Wednesday, March 2, 2011

Candida Albicans More Condition_symptoms

pastry parcels for Saint Lucia


Questa ricetta proviene da uno dei mitici ricettari Bertolini che transitavano a casa di mia madre e dei quali mia madre stessa e le mie sorelle a grande richiesta rifacevano più o meno sempre le solite 3-4 torte.

Quando una decina di anni fa cominciai a pasticciare un po' coi dolci, questo fu forse The first cake I ever had fun to do.

If for no other spirit of revenge against a family from which I wanted to break free and become independent, so I chose to challenge myself with a recipe for us new and complex-looking.

However, apart from the difficulty of handling it and roll out the pastry recipe is quite simple and lends itself well, making some variation depending on the case, as a recipe for recovery for small inventories of fruit that taken alone would not make a whole recipe but put together give a filling particularly rich in taste and variety.

With this recipe I intend to participate in the collection of recipes organized by Caris to Cooking Planner in order to focus attention on the closure of Saint Lucia in Rome, at the forefront of hospital treatment and rehabilitation of diseases of the musculoskeletal system.




Go read about the post of Caris will explain the reasons for that decision, or otherwise you can see here recorded the episode of "live" two days ago in which of the other things we talk about that as well.

Ingredients (for 16 dumplings)

For the pastry flour

00 300 g sugar 75 g butter 150 g

Eggs 2 (+1 x egg brushed on top end)
Yeast sweet half a bag (8 oz) For the filling


Dried figs 150 grams (half me and half the figs apricots)
Nuts (kernels) 50 gr
Almonds (blanched and roasted) 50 g 50 g

Raisins Pistachios (shelled) 50 g Egg 1

Dark Chocolate 50 grams
jam (cherry I) 100 gr


procedure
Put raisins and dried figs to soak in warm water to soften them.

Prepare the dough: make a fountain of flour, sugar and baking powder mixed, add the butter cubes in the center, working with flour to soak the fingertips and then add the lightly beaten egg, work the dough as little as possible and to form una palla da mettere poi a riposare un oretta in frigo.
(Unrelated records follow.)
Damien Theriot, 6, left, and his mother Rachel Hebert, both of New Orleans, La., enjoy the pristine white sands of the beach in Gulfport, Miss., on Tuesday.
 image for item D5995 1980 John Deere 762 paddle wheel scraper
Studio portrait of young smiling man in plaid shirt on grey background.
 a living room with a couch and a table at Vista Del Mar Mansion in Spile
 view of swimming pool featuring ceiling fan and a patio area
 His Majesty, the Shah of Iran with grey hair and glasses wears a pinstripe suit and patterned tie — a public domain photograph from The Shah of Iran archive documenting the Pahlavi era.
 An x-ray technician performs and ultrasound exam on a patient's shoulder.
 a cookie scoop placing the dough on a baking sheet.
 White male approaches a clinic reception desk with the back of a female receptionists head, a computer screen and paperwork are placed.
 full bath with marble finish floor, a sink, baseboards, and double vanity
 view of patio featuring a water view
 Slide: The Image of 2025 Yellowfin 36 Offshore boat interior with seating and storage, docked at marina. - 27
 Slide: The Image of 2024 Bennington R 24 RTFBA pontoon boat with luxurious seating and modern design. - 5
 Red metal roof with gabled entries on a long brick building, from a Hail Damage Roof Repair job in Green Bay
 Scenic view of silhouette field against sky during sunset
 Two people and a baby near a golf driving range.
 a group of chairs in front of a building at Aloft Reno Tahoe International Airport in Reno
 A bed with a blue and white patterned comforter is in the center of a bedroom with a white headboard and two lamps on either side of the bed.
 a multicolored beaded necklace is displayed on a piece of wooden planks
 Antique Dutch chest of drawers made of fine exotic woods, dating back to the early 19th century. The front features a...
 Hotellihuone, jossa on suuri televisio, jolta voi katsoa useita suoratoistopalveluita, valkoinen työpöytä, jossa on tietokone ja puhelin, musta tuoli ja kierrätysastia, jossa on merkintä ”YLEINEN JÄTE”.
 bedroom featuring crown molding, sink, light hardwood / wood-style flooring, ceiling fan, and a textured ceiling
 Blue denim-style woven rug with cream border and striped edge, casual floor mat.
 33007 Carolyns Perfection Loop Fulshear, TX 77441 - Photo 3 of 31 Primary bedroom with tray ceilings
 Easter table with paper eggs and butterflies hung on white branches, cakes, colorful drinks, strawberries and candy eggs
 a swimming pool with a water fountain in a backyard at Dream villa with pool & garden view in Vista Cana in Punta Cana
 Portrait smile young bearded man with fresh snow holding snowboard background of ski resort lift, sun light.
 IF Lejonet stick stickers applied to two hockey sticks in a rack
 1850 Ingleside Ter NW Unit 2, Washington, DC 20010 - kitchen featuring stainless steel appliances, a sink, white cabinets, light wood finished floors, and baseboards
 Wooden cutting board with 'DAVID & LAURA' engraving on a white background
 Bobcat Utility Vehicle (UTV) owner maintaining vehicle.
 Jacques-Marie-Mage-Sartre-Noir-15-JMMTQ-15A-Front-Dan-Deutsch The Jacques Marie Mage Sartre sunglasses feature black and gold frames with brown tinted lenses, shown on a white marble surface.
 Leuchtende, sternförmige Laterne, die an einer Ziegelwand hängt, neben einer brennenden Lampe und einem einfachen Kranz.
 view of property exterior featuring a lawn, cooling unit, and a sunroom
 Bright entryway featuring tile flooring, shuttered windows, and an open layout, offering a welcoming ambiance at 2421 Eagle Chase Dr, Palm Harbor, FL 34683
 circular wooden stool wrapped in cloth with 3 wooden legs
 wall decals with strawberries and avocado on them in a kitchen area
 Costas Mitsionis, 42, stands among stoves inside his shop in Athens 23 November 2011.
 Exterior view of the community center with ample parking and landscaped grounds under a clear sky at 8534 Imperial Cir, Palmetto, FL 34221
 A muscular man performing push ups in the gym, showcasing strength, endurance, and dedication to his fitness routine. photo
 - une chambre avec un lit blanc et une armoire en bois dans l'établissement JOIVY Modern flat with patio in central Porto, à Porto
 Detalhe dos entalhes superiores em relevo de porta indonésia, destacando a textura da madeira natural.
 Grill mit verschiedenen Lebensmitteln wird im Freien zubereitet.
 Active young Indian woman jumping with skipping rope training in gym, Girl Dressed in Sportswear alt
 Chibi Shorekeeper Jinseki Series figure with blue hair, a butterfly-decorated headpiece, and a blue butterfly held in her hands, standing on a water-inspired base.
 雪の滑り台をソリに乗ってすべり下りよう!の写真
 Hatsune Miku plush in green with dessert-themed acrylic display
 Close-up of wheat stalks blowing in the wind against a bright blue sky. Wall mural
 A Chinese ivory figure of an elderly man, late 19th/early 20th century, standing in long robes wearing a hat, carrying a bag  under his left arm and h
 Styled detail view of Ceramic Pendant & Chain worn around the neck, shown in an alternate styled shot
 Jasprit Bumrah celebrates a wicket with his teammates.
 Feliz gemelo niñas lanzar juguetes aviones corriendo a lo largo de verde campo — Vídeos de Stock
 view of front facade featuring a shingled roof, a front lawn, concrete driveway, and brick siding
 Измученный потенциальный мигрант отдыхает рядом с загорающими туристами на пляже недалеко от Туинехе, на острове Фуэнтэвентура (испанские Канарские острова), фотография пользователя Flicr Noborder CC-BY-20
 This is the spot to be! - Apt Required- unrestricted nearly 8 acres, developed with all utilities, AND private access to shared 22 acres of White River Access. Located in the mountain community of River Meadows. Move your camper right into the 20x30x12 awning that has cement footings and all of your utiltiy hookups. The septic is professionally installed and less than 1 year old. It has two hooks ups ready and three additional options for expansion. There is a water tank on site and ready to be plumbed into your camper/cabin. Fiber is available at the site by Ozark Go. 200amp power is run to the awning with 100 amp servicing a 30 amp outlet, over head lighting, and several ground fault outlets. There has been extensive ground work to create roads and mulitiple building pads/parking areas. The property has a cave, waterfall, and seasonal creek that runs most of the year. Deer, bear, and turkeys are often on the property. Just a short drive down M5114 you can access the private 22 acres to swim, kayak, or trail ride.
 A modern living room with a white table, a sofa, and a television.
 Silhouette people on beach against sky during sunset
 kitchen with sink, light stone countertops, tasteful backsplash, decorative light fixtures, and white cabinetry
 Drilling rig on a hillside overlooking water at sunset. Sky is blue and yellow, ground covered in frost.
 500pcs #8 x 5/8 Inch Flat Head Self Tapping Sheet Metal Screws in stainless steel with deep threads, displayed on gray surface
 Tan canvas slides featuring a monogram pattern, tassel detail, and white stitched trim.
Nel frattempo tritare assieme nel mixer tutti gli ingredienti del ripieno ad esclusione dell'uovo che andrà mescolato alla fine con un cucchiaio.

Stendere la pasta col mattarello in un rettangolo di spessore sottile, aiutandosi possibilmente con due fogli di carta forno appena infarinati.

Con una rotellina dentata ricavare tanti quadrati di 10-12 cm circa di lato


al centro dei quali posare poi un cucchiaio di ripieno (perdonate le foto oscene ma servono per avere un idea del procedimento).



Chiudere i 4 lati del fagottino al centro sigillando la pasta possibilmente leaving intact the "crests" of the edges.


Place on a baking sheet covered with parchment paper, brush with egg yolk and bake at 160-170 degrees for 20 'or until golden brown.

the oven, let cool about 10 'on the plate and then move on a grid.


-ooooooooooooooooooooo-oo-


As for my courses instead I took a few weeks of rest, taking advantage of a number of incidents, fortunately not serious, but I took away the freedom to travel in recent weeks.

So for now I only set a date convenient: March 27 in Florence, or rather to Montespertoli ' Bellavista Farm, my favorite location.

Then presumably the rains come and the spring temperatures make it harder and then I'll probably have to suspend then resume next fall, despite a high this year Easter with chocolate eggs and everything else, there wait for later ... Who really wants to book

hasten to write to me privately, because the course is already booked for half ...

That said I still wish you good day!